Best wishes to all for a peaceful, productive, and prosperous New Year.
As we end 2005, Brad deLong set off a discussion on his blog by raising the question of the ideologue status of Hayek. The general consensus of the 70 plus comments and the track back is that Hayek is a ideological dogmatist. With the lone exception of J. Barkley Rosser, however, nobody took the time to critically assess Hayek's analytical argument. Instead, we are treated to claims of guilt by association (Hayek supposedly never publicly criticized Pinochet and therefore supported the right wing authoritarian) and policy myths (rich get richer, poor get poorer and it is Hayek's fault).

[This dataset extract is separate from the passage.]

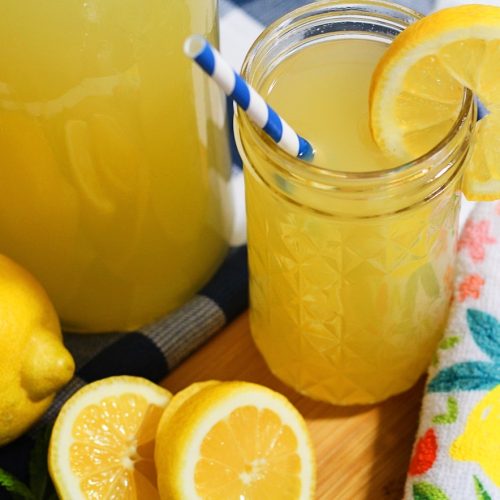glass of honey sweetened lemonade with a lemon slice next to lemons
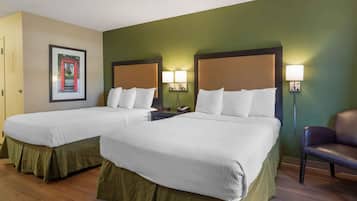 A hotel room with two beds, a framed picture on the wall, and a chair.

My original post, which de Long took as the starting point of his post, was an invitation to engage Hayek (and Austrian economics more generally) analytical argument and to avoid these sort of ideologically blinded discussions. First, rather than a hermeneutics of suspicion, I prefer to advocate the Lachmann principle of "charitable reading". Second, while I think policy relevance is a virtue and not a vice, I think our critical focus should be on the reasons and evidence a thinker brings to bear on his policy positions and not those policy positions per se.
Austrian economics as a school of economic thought puts forth various propositions that follow from their methodological position and analytical methods. They are committed methodological individualists (but not atomistic) and methodological dualists (but not post-modernists). The analytical focus is on decision making in a world with an uncertain future. The capital structure in a modern economy consists of heterogeneous capital goods that have multi-specific uses, and the entrepreneurial market process is one of on-going discovery of better ways for individuals to arrange their affairs to coordinate production plans with consumption demands.
But rarely does debates over the relative merits of Austrian economics in modern economic discourse turn on these questions of methodology and method. Instead, the critique gets bogged down in outrage over the policy positions offered. This just seems to be the fate of Mises and Hayek.
To be frank this annoys the hell out of me. One of my favorite Dr. Dre songs has him warning his critics that they better watch out or "They will bring back the old me." But rather than respond to uncharitable readings with uncharitable readings of ones own, I do hope that Austrian economists will heed Lachmann's demand for us to follow the principle of charitable interpretation, and they follow the scholarly example of civility that Israel Kirzner has represented throughout his career.
So as we end 2005 with charges flying of ideological dogmatism, lets hope that in 2006 (especially since policy issues of extreme importance such as the war, universal health care, financial instability, market regulations, globalization, etc. will be no doubt on the table) that cooler heads will prevail and that honest debate will take place and reason and evidence will be the guide.